ABSTRACT

The queuing theory is a mathematical study of queues or waiting lines. It is of course common phenomenon, whenever the current demand for a service exceeds the available capacity to provide it, that queues are formed. In industry and other sectors, it is necessary to make frequent decisions on the level of capacity that can be provided. However, these decisions are often difficult due to the fact that it is not always possible to predict accurately when units will arrive and how long they would need to wait for a service. Excessive costs are involved in the supply of too many services. By contrast, it is at times that the waiting line gets excessively long due to lack of sufficient service capacity. In this project, we will examine some different queuing systems and take account of features such as the average time it takes for a customer to pass through an operation from initiation to completed service, the number of customers waiting in queues at any given moment or the percentage of servers that are busy.
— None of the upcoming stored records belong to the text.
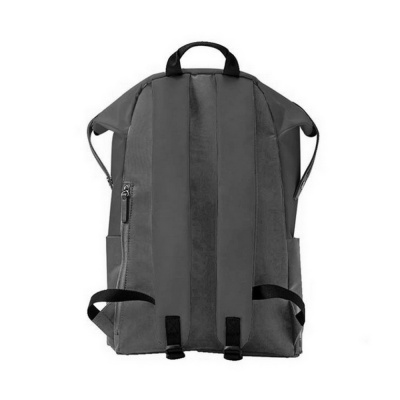 ������ Ninetygo lecturer backpack black 90BBPLF21129U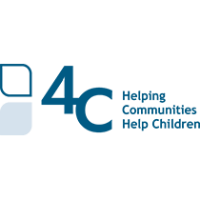 Community Coordinated Child Care (4-C)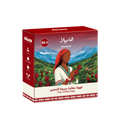 Hambela Drip Coffee Bags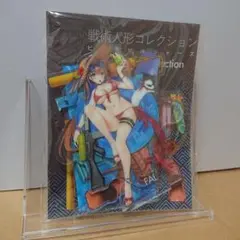 戦術人形コレクション アクリルスタンドB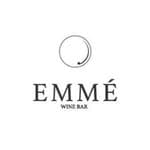 EMME エンメ (@emme.wine.bar)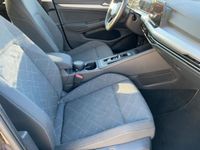 Volkswagen Golf - Vorschau Bild 12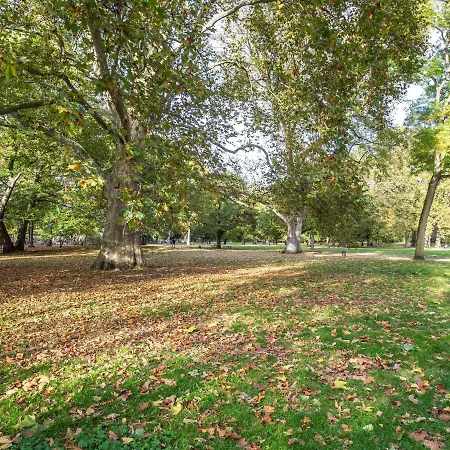 Limehome Friesenplatz - Digital Access 3* Κολωνία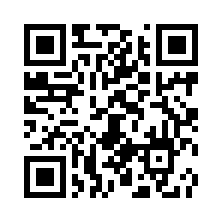 QR Code for 1FGnQQ6AzKC28y3Lwe2MuyPa4WthcbCCmR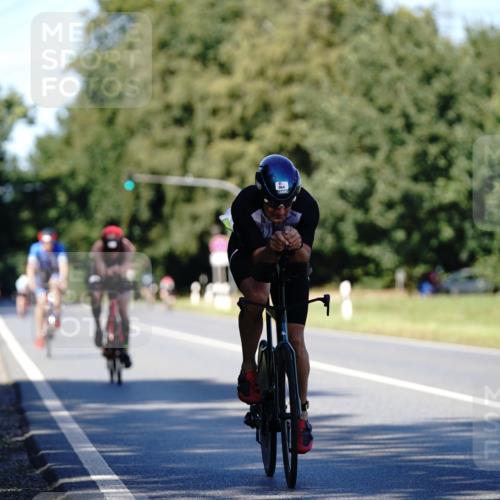 07.09.2025 - 19. Norderstedt Triathlon Michael Burmester http://msf.ph/oto/8839178 07.09.2025 14:39:21 Radfahren 964, 1027 meine-sportfotos.de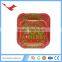 007 christmas decoration china pearl dinnerware brands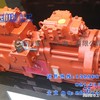 供应韩独K3V63液压泵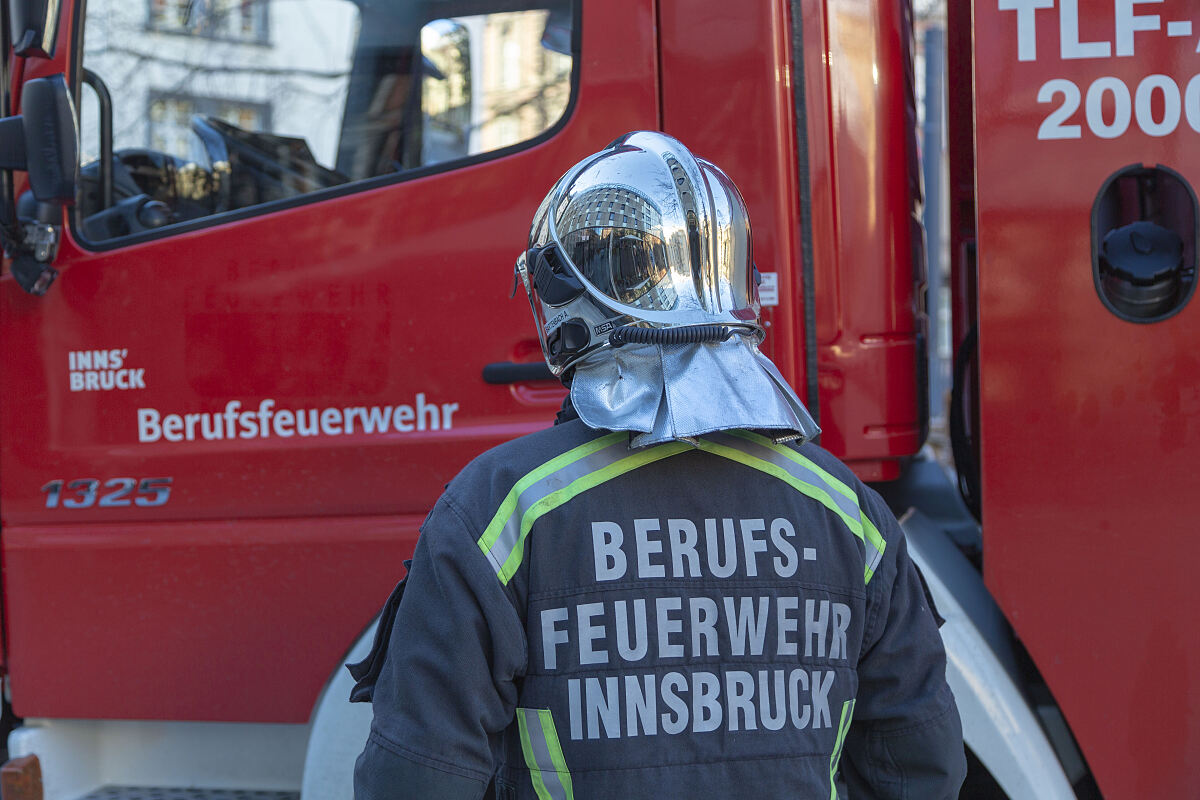 37_jahresbilanz_feuerwehr_-_r-kubanda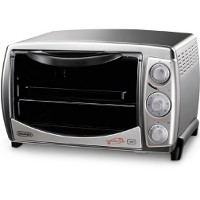 ����������� DELONGHI EO 3890  A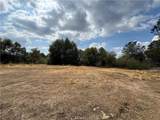 2 Ac Summerhill Ln - Photo 4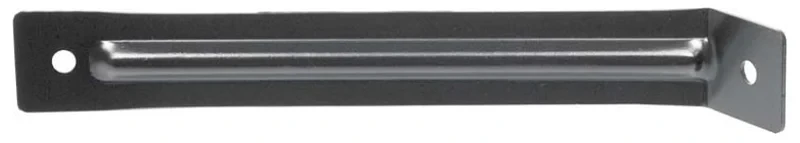Grille Suppert Center Brace - 64-66 Chevy GMC Truck
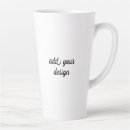 Search for your design mugs Dining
One specific and essential application of queue theory is the type of queues we all know from supermarkets, banks, restaurants. In order to make decisions on matters such as whether more staff are needed to process customers at specific times of the day, or whether more queuing space is needed, help can be obtained by analysing these situations and finding average waiting times, average queue length, etc.  However, the results of queuing theory should also be applied even if not to more serious situations in industry like broken machines that require repair and joining a system for queues or lorries coming into production where unloading is required.